Many polymer-matrix composites are assembled in layers (or plies) of aligned fibres. Delamination of these layers often contributes to composite failure, especially in compression. NextCOMP will develop innovative ply level designs for composite materials and their structures, in compression, aiming to delay the events leading to failure, or control how and where damage develops. NextCOMP will take inspiration from a number of biological motifs, but quantitatively redesigned to exploit existing start-of-the-art materials, and those developed during the programme. The potential outcomes of ply level designs will include;

  • maximising longitudinal compressive strain (overall deformation) and the energy dissipated during failure,
  • preventing certain failure modes occurring by design,
  • arresting or redirecting an unstable, rapidly growing (i.e. 1km/sec), compression crack.
Image to represent Ply Level Systems

T Garulli ©

A combination of complimentary reinforcing fibres, mixed at the ply level, can drastically effect the composites overall performance. Altering the volume of each component, the way in which they are combined, and the choice of materials can alter the way the composite fails.


Bundle Systems

Many natural hierarchical systems, including wood and bone, exploit fibrous motifs arranged in bundles of bundles. Mimicking natural hierarchical structures is a significant challenge, but one clear design principle is that reinforcement over many length scales is effective. This part of the programme will explore how to use different combinations of bundles fibres to maximise compression performance, again using quantitative computational methods to design target architectures. These bundled systems allow a greater control of alignment, which is known to be very important in compression, whilst allowing spatial modulation of fibre and matrix properties. These designs will span the length scales between the micro- to millimetre range, but can be built up to form larger structures.

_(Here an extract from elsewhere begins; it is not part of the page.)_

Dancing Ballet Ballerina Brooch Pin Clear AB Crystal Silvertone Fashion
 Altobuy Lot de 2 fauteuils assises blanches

Image to represent Bundle Systems

LR Pickard ©

A close up of pultruded carbon fibre reinforced rods, with each rod containing approximately 1000 carbon fibre filaments. The fibres in these rods are all aligned in the same direction along the rod-axis. These rods can be made in-house or bought commercially and are the starting material used to investigate bundle systems.


In-situ Mechanistic Studies

Computational models are only as good as the information which is supplied to them. The data required go beyond those values commonly reported for matrix, fibres, and their combinations, either in the scientific literature or provided by manufacturers. It is, therefore, essential to measure the relevant material parameters, experimentally. In fact, surprisingly, many of the key parameters are not generally measured at all. In such cases, new experimental methods will need to be designed to evaluate these material properties in practical ways, which still represent the conditions of use.

As the project develops new materials and mechanisms to improve compression performance, in-situ observations of the damage that develops under load will help to confirm, understand, and improve implementation.

Image to represent In-situ Mechanistic Studies

GQ Quino ©

Virtual testing allows new jigs and holders, and methods to be evaluated before manufacture. Once designed they can be made in-house to our own specifications and use to accurately determine material properties.